Jumpstart your summer writing goals in this one-week workshop, with a focus on developing and planning your own writing and research project. Co-led by writing teachers and scholars Diana Epelbaum and Tahneer Oksman, we will explore academic writing, from the nuts and bolts of writing, revision, organization, and editing, to reflective conversations about writing-related anxiety, including finding support systems, examining motivations and roadblocks, and developing effective feedback practices. Together, we will discuss healthy approaches to productivity culture. Using our expertise with developmental editing, writing across the curriculum, and holistic project framing, we will provide individual feedback to each participant while pointing to the many ways instructors can bring some of these same techniques to their own classes across the disciplines. By the end of the week, participants will walk away with a summer research and writing plan, as well as a repertoire of individualized tools to help follow it through.
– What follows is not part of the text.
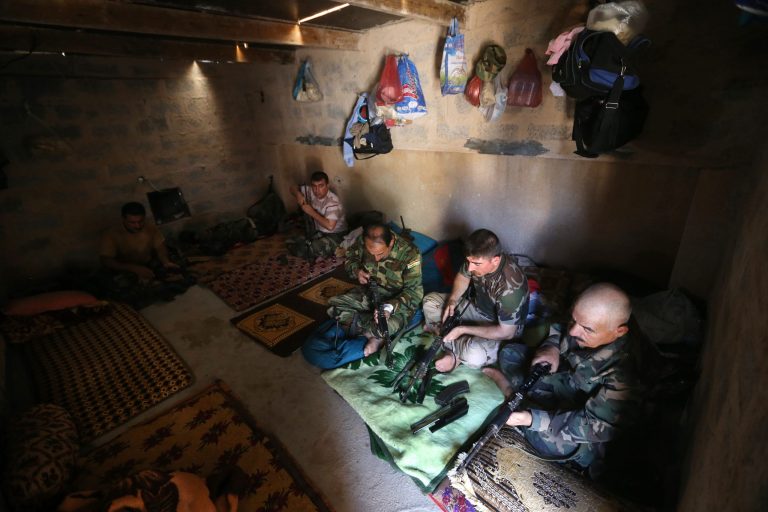 Kurdish peshmerga fighters clean their weapons at a base on the closet front line with militants from the al-Qaida-inspired Islamic State in Iraq and the Levant (ISIL), in Tuz Khormato, 100 kilometers (62 miles) south of the oil rich province of Kirkuk, northern Iraq, Wednesday, June 25, 2014. A defiant Prime Minister Nouri al-Maliki rejected calls Wednesday for an interim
Professors from all disciplines working on any kind of writing project—including articles, book chapters, research proposals, and hybrid or digital projects, among others—and from all career stages are encouraged to apply. Participants should come with a project they would like to develop and a one-to-two paragraph description of that project and its timeline. Ideally, instructors will bring projects that are in their early stages, though we will also accept those further along.

Faculty will:

  • Develop the organization, scope, and timeline for a current scholarly project.
  • Develop a repertoire of individualized tools to help follow through on the project.
  • Receive and use effective peer and convener feedback towards their own writing goals.
  • Reflect on their own writing methodologies and practices, evaluating their effectiveness.
  • Reflect on transferring their own writing methodologies and practices to the classroom.
  • Contextualize writing anxiety, productivity culture, and personal barriers to writing.
  • Participate in a community of writers, researchers, and teacher-scholars.

Seminar Schedule. Seminars run Monday to Friday from 9:30 a.m. to 4:30 p.m., with a midday communal lunch. Seminar conveners may adjust the class schedule in response to participant needs. Special events may also be held during the week. Participants are required to attend the full week of seminar meetings and maintain 90% attendance overall.

Seminar Materials. Eligible participants are provided with all required seminar materials (books, articles, laboratory equipment, and entrance fees).

Accommodations & Meals. Limited housing accommodations are provided to participants who live more than 50 miles from the program site. All admitted participants are provided with some meals during the program period.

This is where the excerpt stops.